Dataset entries Block Start
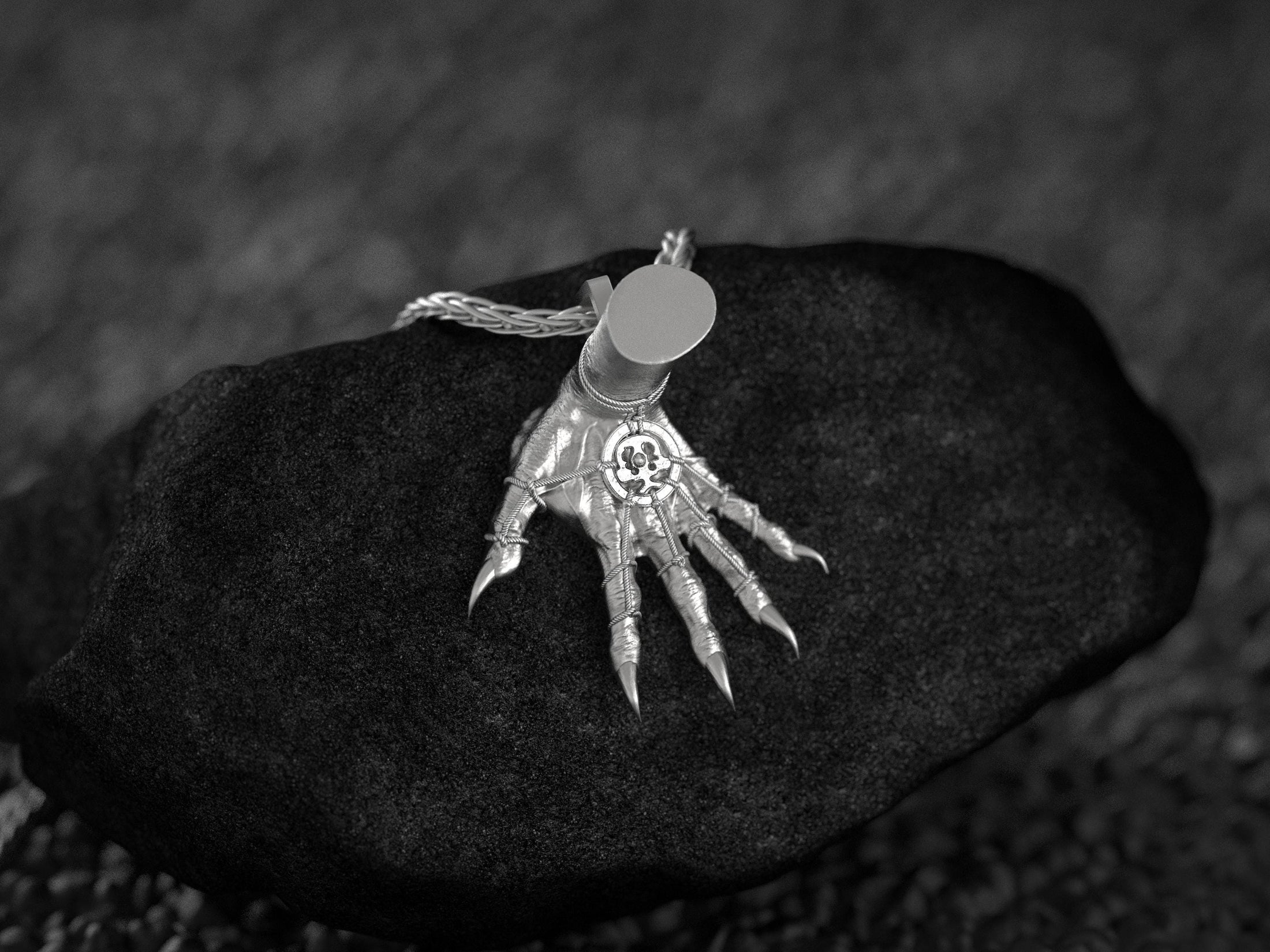 Sterling Silver Hand of Maliketh Pendant – Elden Ring Inspired Black Blade Necklace Dark Fantasy Gamer Jewelry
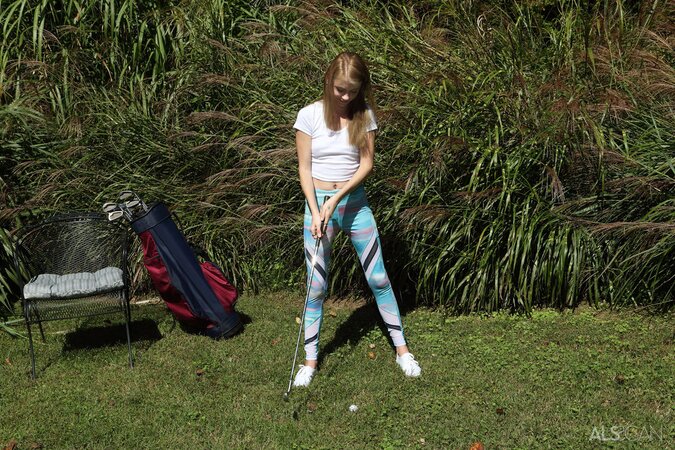 Schoolgirl peels yoga pants off to demonstrate tight pussy instead of playing golf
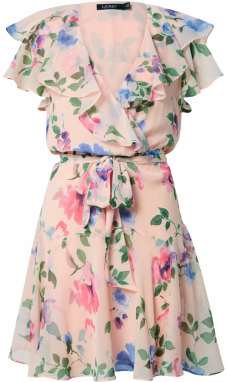 Lauren Ralph Lauren Letné šaty 'Trissa'  modrá / zelená / púdrová / svetloružová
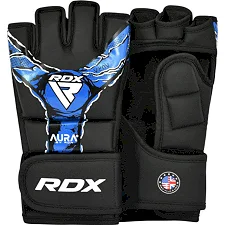 Тренувальні рукавиці RDX GRAPPLING GLOVES NEW AURA F17 чорний, синій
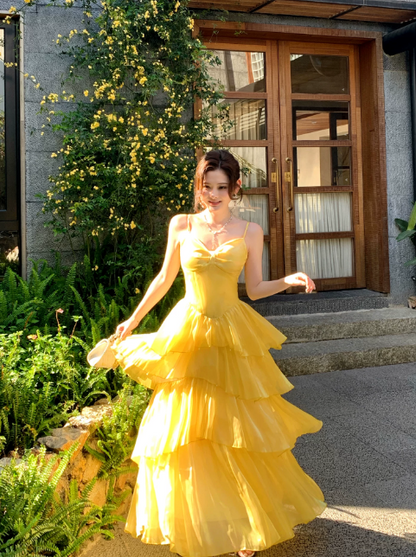 Chic Spaghetti Straps A-Line Vacation Dress Yellow Wedding Guest Dress Chiffon Beach Party Dress DP05545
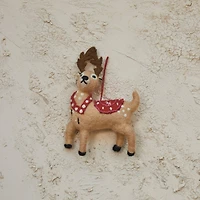 Hello Honey® 6.5" Handmade Wool Felt Reindeer Ornament with Embroidery on a Wool String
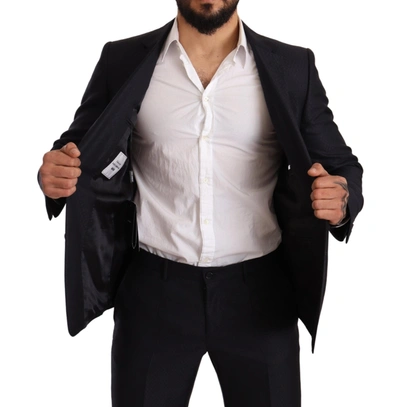 Dolce & Gabbana Black Slim Fit Coat Jacket Martini Blazer In Blue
Dataset entries Block End
### To do
Please reproduce the records above exactly, leaving out every picture.

### Response
 Sterling Silver Hand of Maliketh Pendant – Elden Ring Inspired Black Blade Necklace Dark Fantasy Gamer Jewelry
 Schoolgirl peels yoga pants off to demonstrate tight pussy instead of playing golf
 Lauren Ralph Lauren Letné šaty 'Trissa'  modrá / zelená / púdrová / svetloružová
 Тренувальні рукавиці RDX GRAPPLING GLOVES NEW AURA F17 чорний, синій
 Chic Spaghetti Straps A-Line Vacation Dress Yellow Wedding Guest Dress Chiffon Beach Party Dress DP05545
 Hello Honey® 6.5" Handmade Wool Felt Reindeer Ornament with Embroidery on a Wool String
 Dolce & Gabbana Black Slim Fit Coat Jacket Martini Blazer In Blue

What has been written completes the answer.